The polarization of politics in America is tearing our nation apart. Conservatives and liberals agree on nearly nothing. The separate states of our country play for power against a powerful and growing federal government. Is unity the future of these united states we call America?
United we stand or standing divided?
Is it possible that the U.S. will break up or tear apart? If Peggy Noonan can opine on the prospect, it must be so.
Is it possible that the polarization of politics across our fifty states will regionalize the nation into separate areas? John Naisbitt in his best seller, Megatrends, spoke seriously of the prospect back in 1982.
Will there be two Americas, or three, or four? Americans have noticed the deepening divisions, particularly since Obama won the White House.
Whatever happened to prosperity?
Our nation now stands divided over not one but many issues, although they all seem to root in the failing economy and poor prospects for the prosperity of Americans. Unemployment prevails, economic growth stagnates, more Americans than ever cannot make their own way. How to remedy these issues polarizes across the two prevailing political perspectives.

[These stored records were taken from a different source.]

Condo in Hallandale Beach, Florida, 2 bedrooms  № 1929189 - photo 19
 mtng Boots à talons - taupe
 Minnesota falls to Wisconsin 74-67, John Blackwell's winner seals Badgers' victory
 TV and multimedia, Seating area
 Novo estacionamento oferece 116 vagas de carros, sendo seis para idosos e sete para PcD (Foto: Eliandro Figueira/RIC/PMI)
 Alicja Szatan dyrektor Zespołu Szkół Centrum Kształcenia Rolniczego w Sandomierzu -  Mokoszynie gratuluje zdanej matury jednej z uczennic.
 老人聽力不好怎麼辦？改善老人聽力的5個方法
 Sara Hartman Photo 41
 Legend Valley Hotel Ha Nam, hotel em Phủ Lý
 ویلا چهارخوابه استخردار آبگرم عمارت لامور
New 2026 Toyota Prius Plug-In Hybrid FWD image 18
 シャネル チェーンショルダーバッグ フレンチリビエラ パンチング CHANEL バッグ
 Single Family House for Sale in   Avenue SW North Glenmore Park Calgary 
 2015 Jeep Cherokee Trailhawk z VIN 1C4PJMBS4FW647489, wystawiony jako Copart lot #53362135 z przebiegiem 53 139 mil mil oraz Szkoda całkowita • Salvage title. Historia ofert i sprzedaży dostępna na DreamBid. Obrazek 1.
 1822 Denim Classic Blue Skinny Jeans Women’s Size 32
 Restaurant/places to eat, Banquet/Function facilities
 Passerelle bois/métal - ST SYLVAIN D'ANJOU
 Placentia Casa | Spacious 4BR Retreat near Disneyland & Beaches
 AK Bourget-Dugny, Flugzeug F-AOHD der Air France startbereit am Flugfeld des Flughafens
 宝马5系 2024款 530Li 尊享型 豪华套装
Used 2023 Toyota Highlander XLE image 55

Polarized perspectives on prosperity
Conservatives believe prosperity arises from the initiative of individuals, capitalism, a free-market economy, freedom to choose, and limited government. Liberals believe in the collective that is ruled from a centralized socialist government by a few individuals who think they know best what to do, how to do it, and write rules for the rest of us to obey. Has no one noticed the level of mediocrity that prevails in socialist nations? No notice of economic decay, progression of poverty, eventual disintegration?
What to do without?
Liberals want a regimented society without religion, wealth, personal incentive, achievement, or anything else that makes us unequal or shows up the natural differences among every one of us. Liberals think we have too much of all of that going on.
Conservatives want a free society without overbearing regulation, undue restriction, prohibitive rules, excessive taxation, or governments telling them what to do. Conservatives want to be left alone to pursue their interests, incomes, and individuality in the ways that they wish, as long as it harms no one else.
Liberals love to leave no one alone in the belief that their liberal ways are best. They dislike anyone who disagrees and like to silence dissenters. Liberals think their opinions are the only ones that exist and won’t give up until yours are theirs.
Red states and blue states
The red states of the Union cast the majority of their votes to conservatives. Blue states cast the majority of their votes to liberals. Such voting patterns reflect less on political party than it does on what voters believe makes for prosperity.
For example, Texas, South Dakota, Arizona are red states where unemployment is low, taxes are low, jobs are plentiful, and prosperity prevails. Contrast that to blue states such as California, New York, or Illinois, where unemployment is high, taxes are high, jobs are sparse, welfare is through the roof, cities are bankrupt, and poverty prevails over prosperity. Is there any question that the red states have it right about prosperity? What more evidence do blue states need to know that social policies cause decline?
It is obvious that red states and blue states prefer their colors since state voters continue to vote in the same old political hues. This speaks of a rooted satisfaction in the political stance of the individual states with no move toward unity as to the governance of the whole.
Fork in the road
The divide runs deep with the pace of polarization quickening in the current administration. Obama promised to unite when all he has done is divide, with the point of disintegration seemingly imminent. What are neighbors to do when neighbors as states are not aligned, when one cannot compromise with the other nor win another over to the other side?
Americans must decide to stick with their states or build a better road to prosperity for the whole. Accomplishing either faces huge challenges. Ideas, anyone?